An even better example, from my simplistic, unschooled point of view, is in the Twitter ToS. OK, so Twitter's not what most people might call a "social network" - but there are certain similarities and it is, above all, primarily a vehicle for content. The relevant excerpt:

"
We claim no intellectual property rights over the material you provide to the Twitter service. Your profile and materials uploaded remain yours."

Yay!

So. Am I wrong to worry about all this stuff?

If I post something to my blog which is later syndicated on my Facebook profile page, does my pre-existing CC license trump their evil ToS? Or can they do whatever they want with my words without asking? If my information wants to be free, is it fair for someone else to capture it and lock it up?

This is hard stuff for me to figure out.
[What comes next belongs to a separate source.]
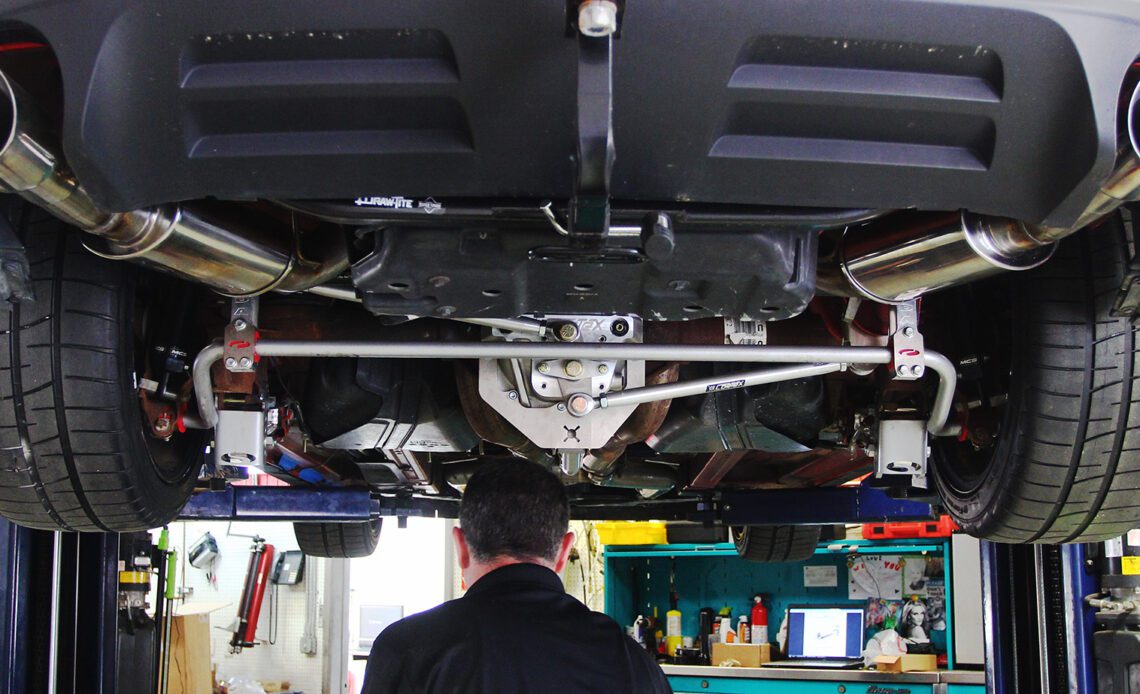Suspension Mythbusting: Solid Axle vs. IRS | Articles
I like the idea of social network services. We’re social animals by nature, so these online expressions of our flocking behaviour are interesting, welcome and, in several ways, useful.

But it's clear that the long-term success of any one of these services is predicated on having a certain critical mass of users, connections, and content. It's the combination of these three things that attracts the $$ - whether in direct funding or in ad revenue. So one way or another, they're all making money off me. If I don't contribute, they don't grow, and the things I do like about their services will die. But why do they have to be so greasy about it?

I think there's a key difference between the ToS of something like Twitter and the terms you might find at Spock, LinkedIn, or FB. The Twitter ToS sounds like it was directly shaped by the founders. It actually reads like something Ev might have written. The others sound like something lifted out of a corporate legal stockbook of ready-made precedents - pages where no human eye has ever set foot :-)

And therein lies the rub, I think. As Doc Searls wrote earlier today, in a different context: "The only real social networks are personal ones". True. Virtual social networks, at least in their Terms of Service, are just too impersonal.